A discussão entre economistas de diferentes linhagens, porém, é se a taxação de grandes fortunas realmente teria um impacto negativo na economia, como sugeriu Gates, e se, por outro lado, seria capaz de atingir os objetivos propostos por Warren e outros candidatos democratas, como Bernie Sanders.
Contra a desigualdade
Os três principais objetivos de Warren são: 1) aumentar a arrecadação para melhorar os serviços públicos para a população; 2) reduzir a crescente desigualdade entre ricos e pobres; e 3) diminuir o poder político desproporcional dos bilionários.
O próprio exemplo de Gates, no entanto, já respondem aos itens 2 e 3. Isso porque os rendimentos que ele obteve no ano passado com investimentos superam a mordida que o leão daria em seu patrimônio anualmente.
Ou seja, mesmo com o imposto sugerido por Warren, Bill Gates continuaria enriquecendo a cada ano. O mesmo ocorreria com outros bilionários. A distância entre os ricaços e a base da pirâmide social seguiria aumentando e o poder político dos magnatas permaneceria imaculado.
O capital faz as malas
Os economistas Emmanuel Saez e Gabriel Zucman, da Universidade da Califórnia, em Berkeley, estimam que a taxação das grandes fortunas proposta por Warren arrecadaria 210 bilhões de dólares por ano.
Outros economistas são menos otimistas, e dizem que a medida provocaria uma fuga de capital e de bilionários para outros países — o que acabaria por reduzir tanto a arrecadação de impostos quanto os investimentos internos que aquecem a economia e a criação de empregos. (Contra isso, Warren quer impor um imposto de 40% sobre fortunas que "emigram".)
Os juristas especializados em tributação são ainda mais pessimistas e dizem que o aumento da arrecadação seria de 0% (sim, zero porcento), pelo simples fato de que a taxação seria inconstitucional.
Pela constituição americana, a cobrança de impostos diretos deve ser proporcional ao tamanho da população de cada estado. Se a Califórnia, por exemplo, tem 12% da população americana, deveria pagar 12% dos impostos diretos sobre grandes fortunas, não importando se a proporção de bilionários que lá vivem é muito maior do que no resto do país.
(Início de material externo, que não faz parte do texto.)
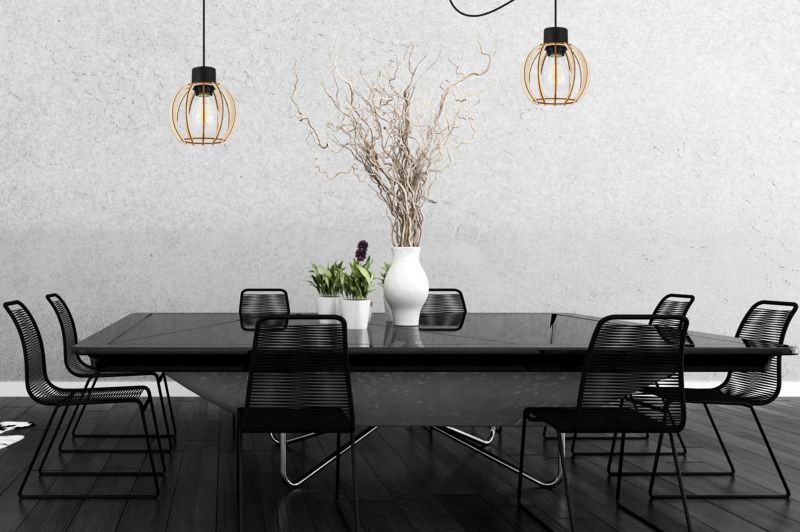 Lampa sufitowe wisząca Light Home LH Timber Spider 2x E27 60W klosz drewno kula 16cm czarny 1szt.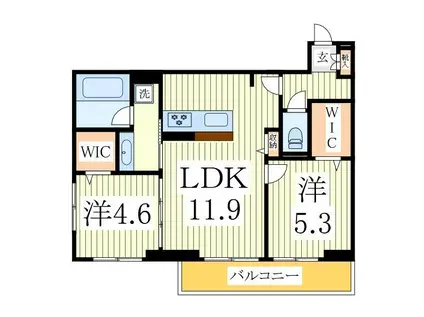 THREE LYAER柏の葉(2LDK/2階)の間取り写真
Em resumo, a proposta de Warren provavelmente seria derrubada na Suprema Corte americana.
Nem desastre, nem solução
Antes de morrer na praia, a discussão em torno do imposto sobre grandes fortunas nos Estados Unidos está tendo o efeito de colocar em questão a moralidade da concentração de riquezas inimagináveis no bolso de um minoria ínfima da população.
Do ponto de vista prático, porém, não seria nem o desastre para a economia que reclamam alguns, nem a panaceia para a desigualdade que anunciam outros.
Mas tem se provado muito útil para a estratégia eleitoral de Elizabeth Warren.